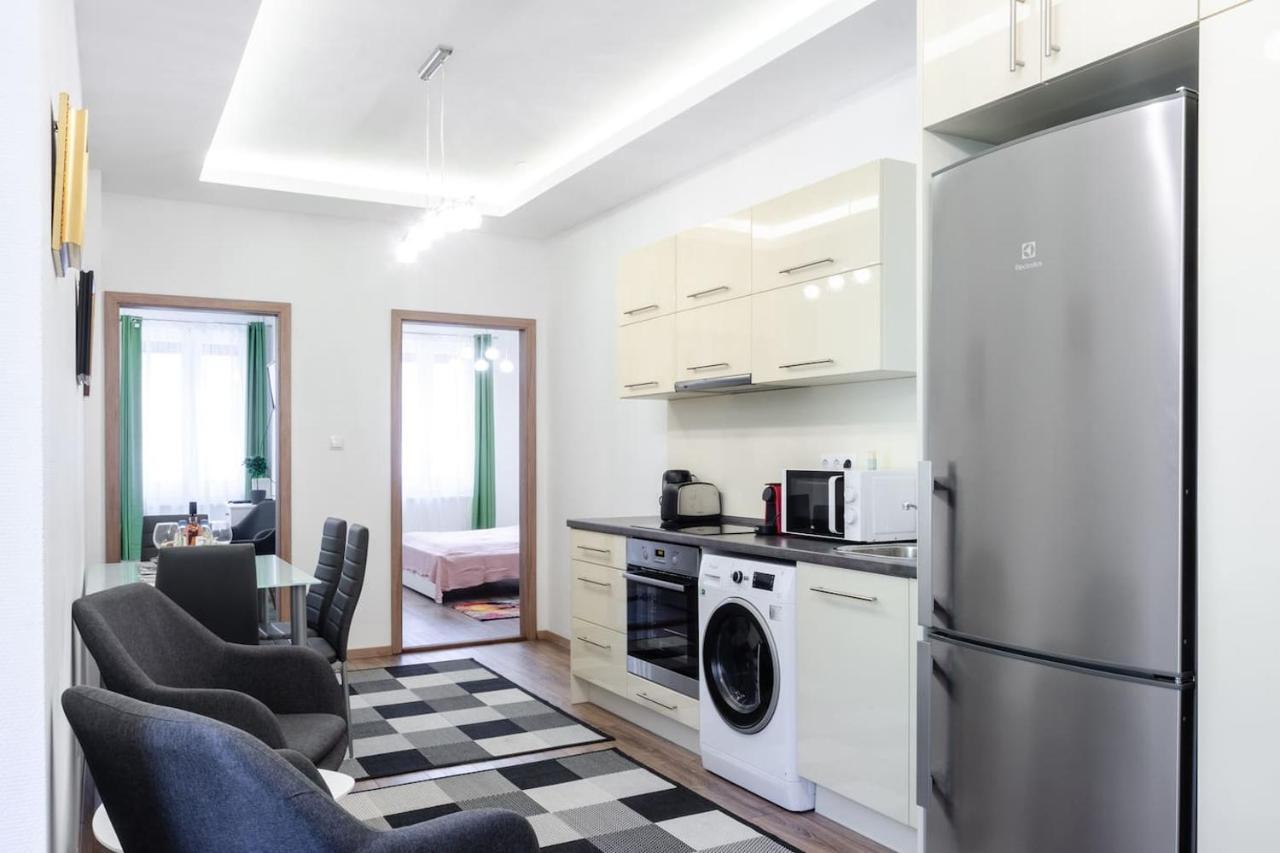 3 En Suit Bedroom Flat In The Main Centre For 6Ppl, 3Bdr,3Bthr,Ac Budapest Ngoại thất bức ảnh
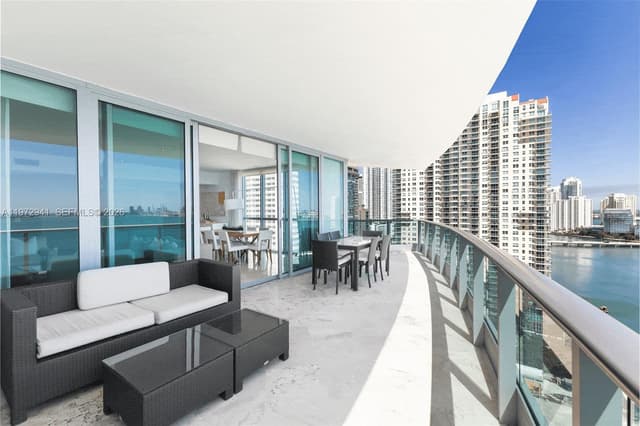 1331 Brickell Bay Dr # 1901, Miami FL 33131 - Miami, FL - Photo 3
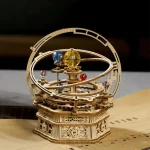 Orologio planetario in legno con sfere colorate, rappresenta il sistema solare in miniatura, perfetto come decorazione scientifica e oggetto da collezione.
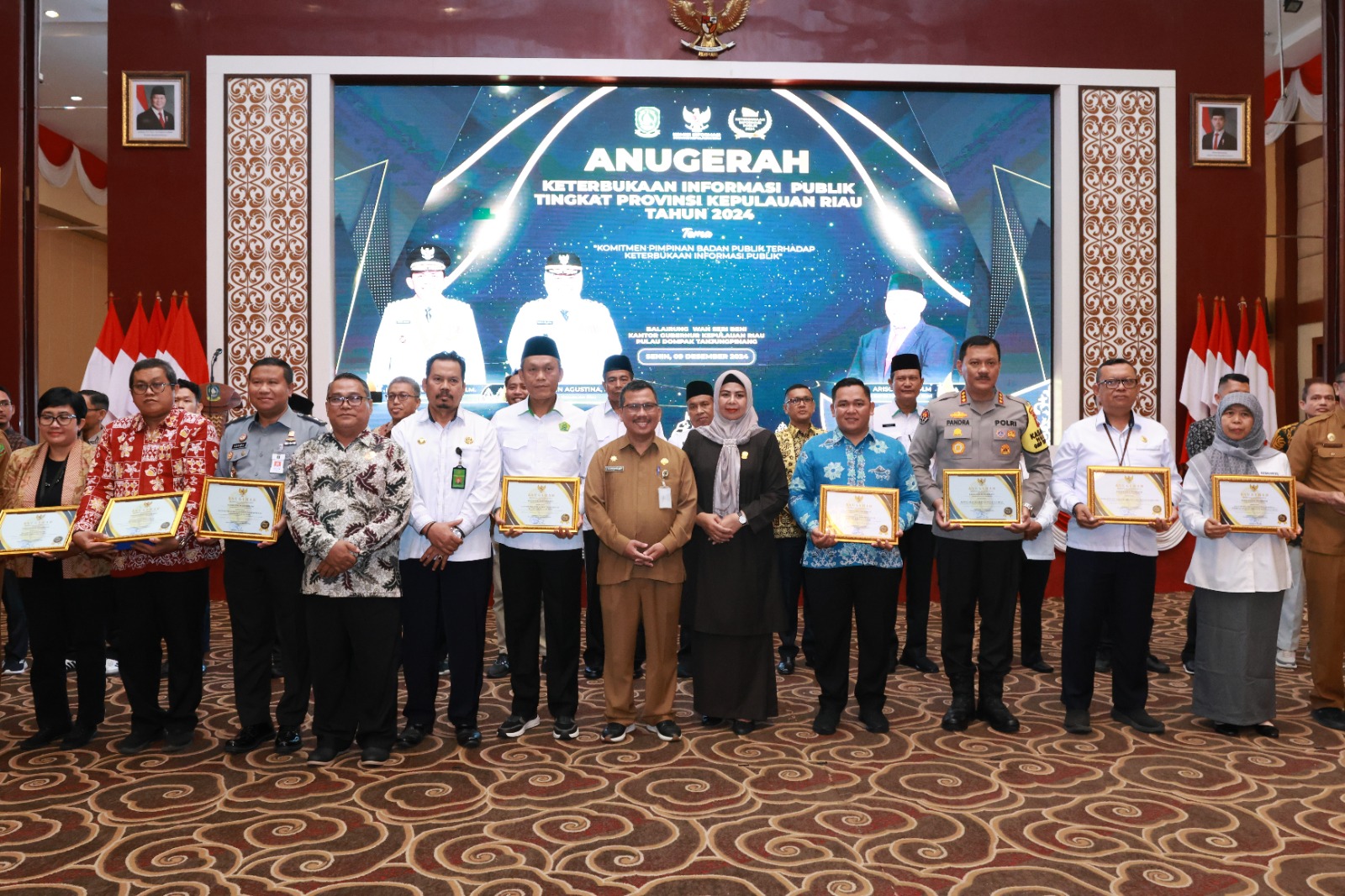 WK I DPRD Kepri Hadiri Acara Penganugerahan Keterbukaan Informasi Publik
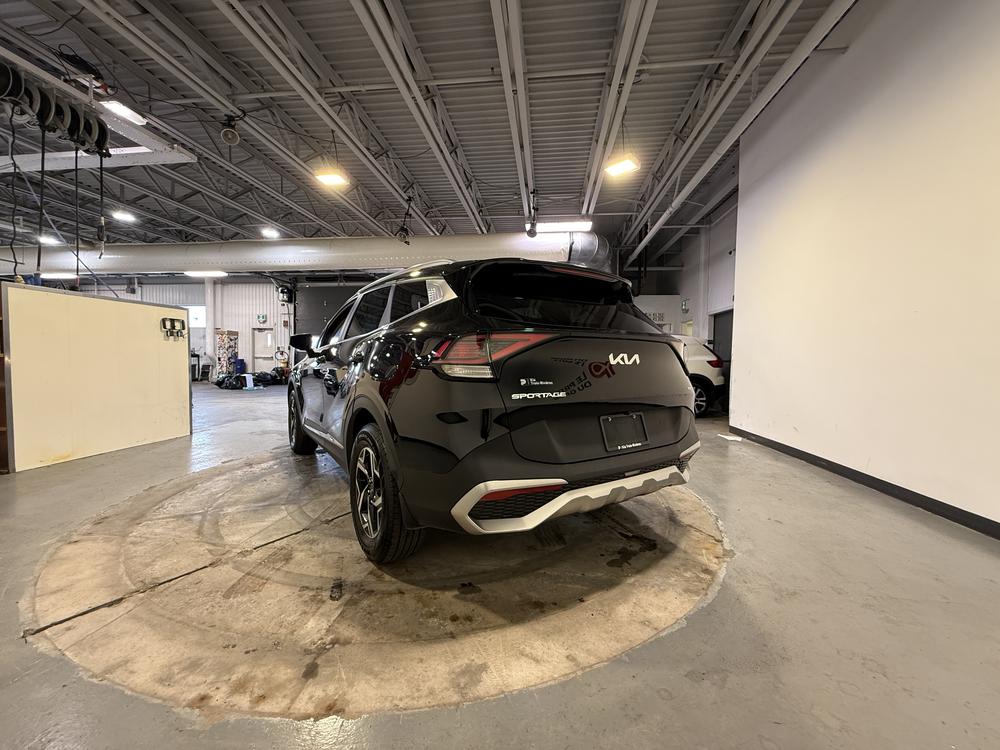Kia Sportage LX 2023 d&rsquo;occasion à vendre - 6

---*---

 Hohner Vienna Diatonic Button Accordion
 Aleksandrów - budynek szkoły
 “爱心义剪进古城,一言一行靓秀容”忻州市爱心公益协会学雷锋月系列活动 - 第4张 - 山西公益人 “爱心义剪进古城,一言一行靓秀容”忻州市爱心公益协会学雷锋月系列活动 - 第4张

---*---

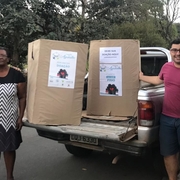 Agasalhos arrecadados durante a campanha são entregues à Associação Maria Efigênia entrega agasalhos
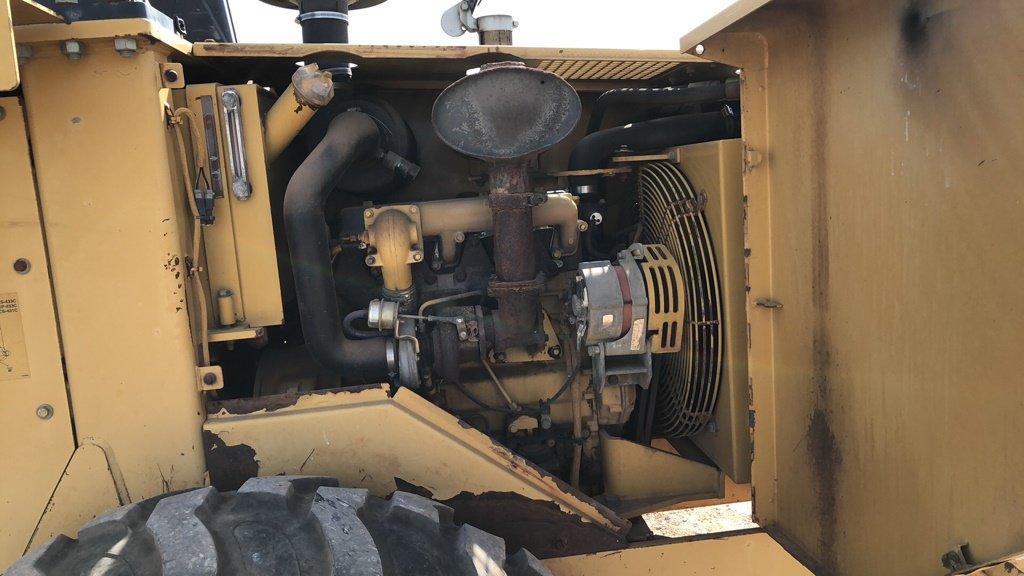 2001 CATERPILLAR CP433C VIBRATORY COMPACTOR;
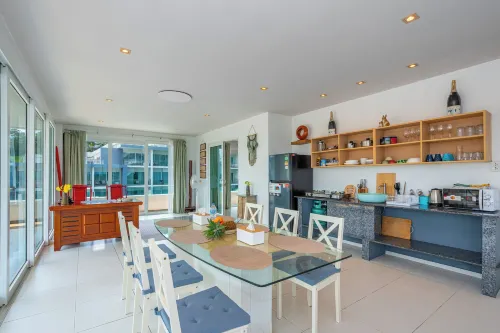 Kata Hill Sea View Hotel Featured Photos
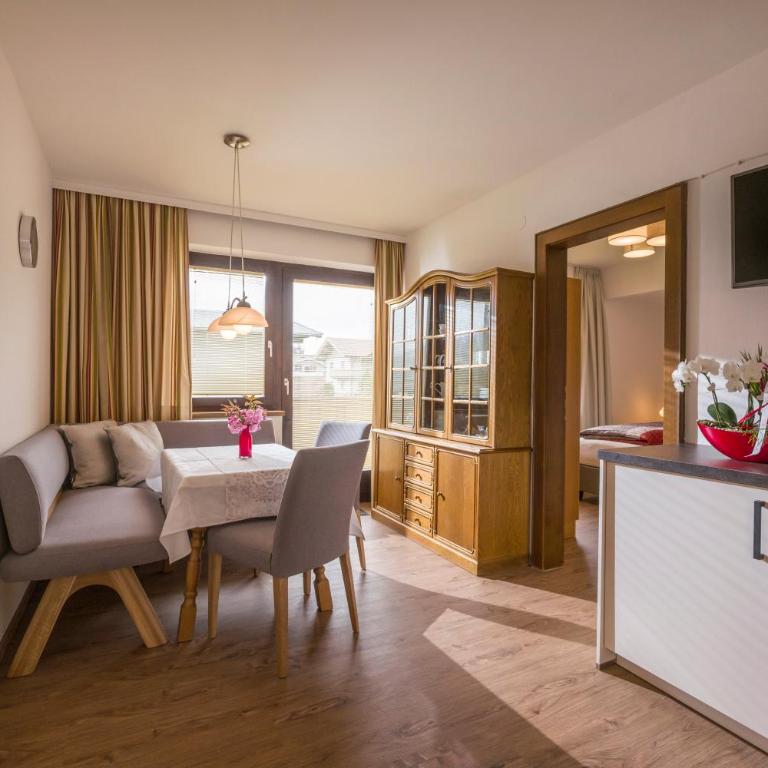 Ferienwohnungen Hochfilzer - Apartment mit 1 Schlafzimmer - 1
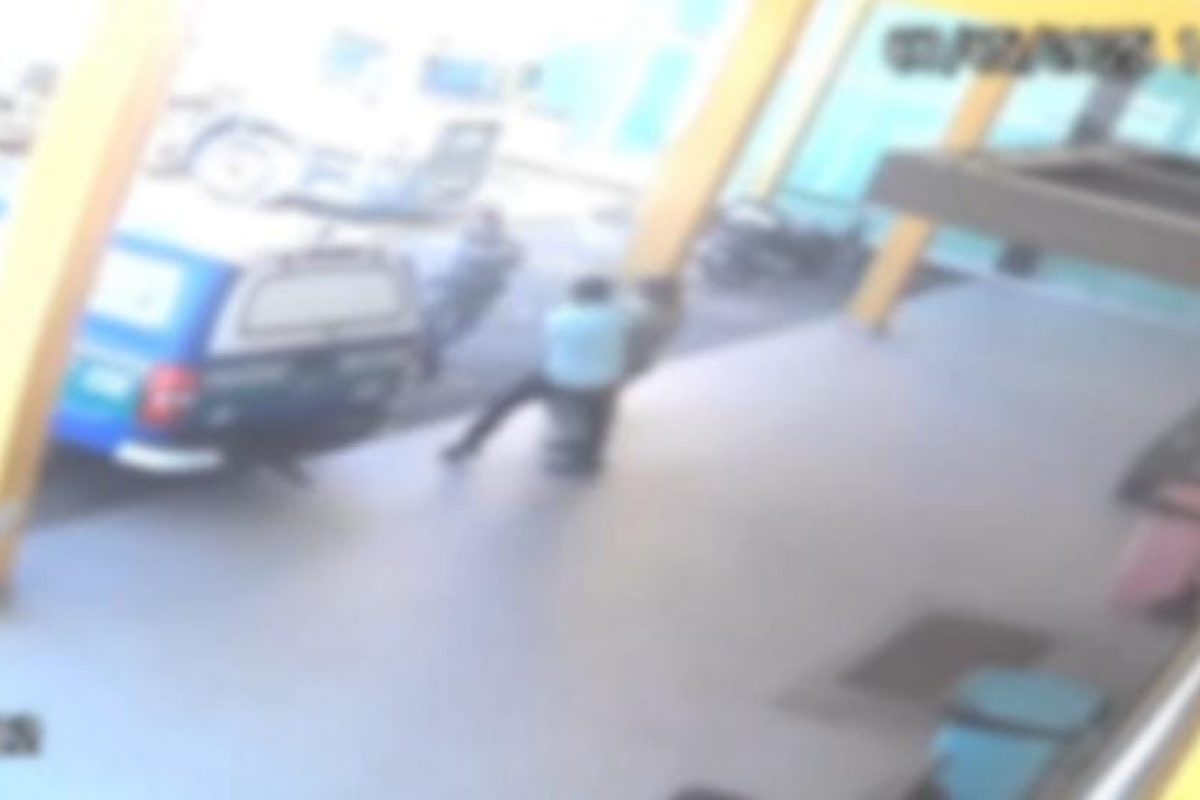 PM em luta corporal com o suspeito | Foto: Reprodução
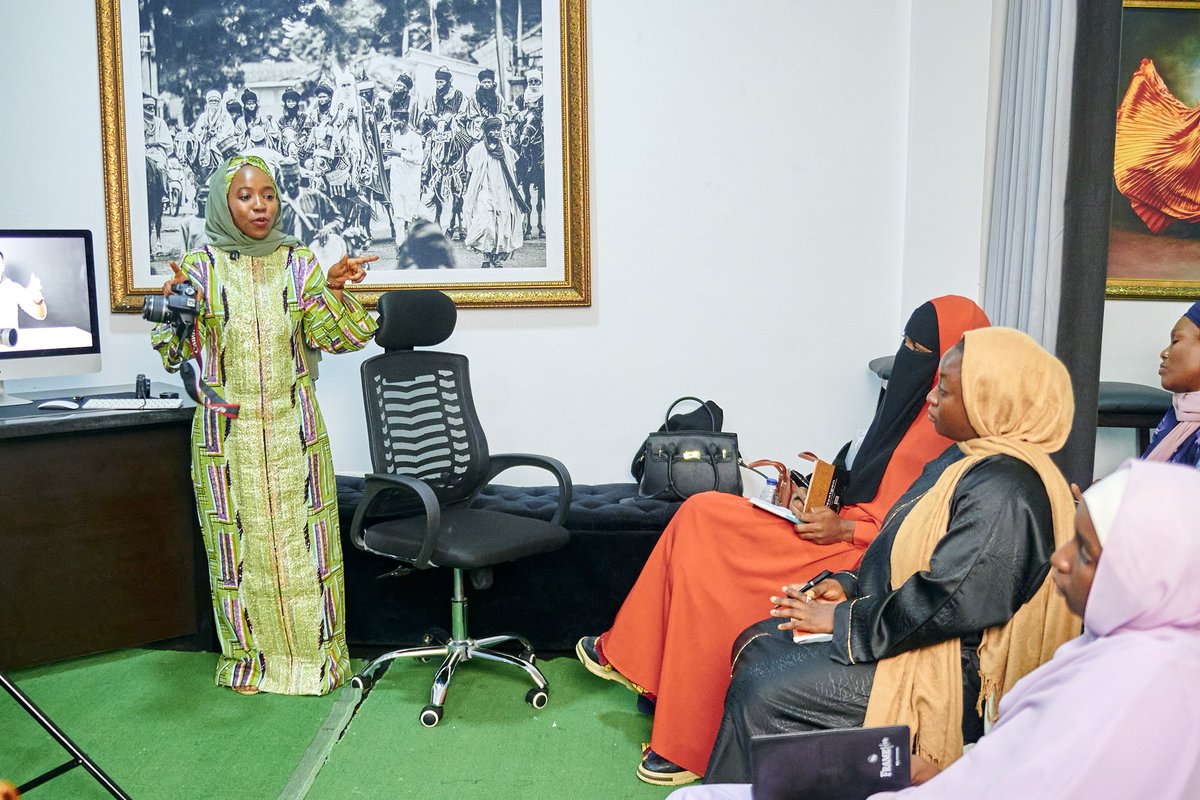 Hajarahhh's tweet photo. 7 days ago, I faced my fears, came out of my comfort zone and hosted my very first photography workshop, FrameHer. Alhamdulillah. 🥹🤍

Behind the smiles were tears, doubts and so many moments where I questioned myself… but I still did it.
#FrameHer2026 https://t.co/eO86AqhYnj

---*---

- **Problem statement**
Among the records above, extract exactly the lines from the line with "Aleksandrów - budynek szkoły" to the line with "第4张 - 山西公益人", both lines included, and leave out the rest.

- **Reply to the task**
 Aleksandrów - budynek szkoły
 “爱心义剪进古城,一言一行靓秀容”忻州市爱心公益协会学雷锋月系列活动 - 第4张 - 山西公益人 “爱心义剪进古城,一言一行靓秀容”忻州市爱心公益协会学雷锋月系列活动 - 第4张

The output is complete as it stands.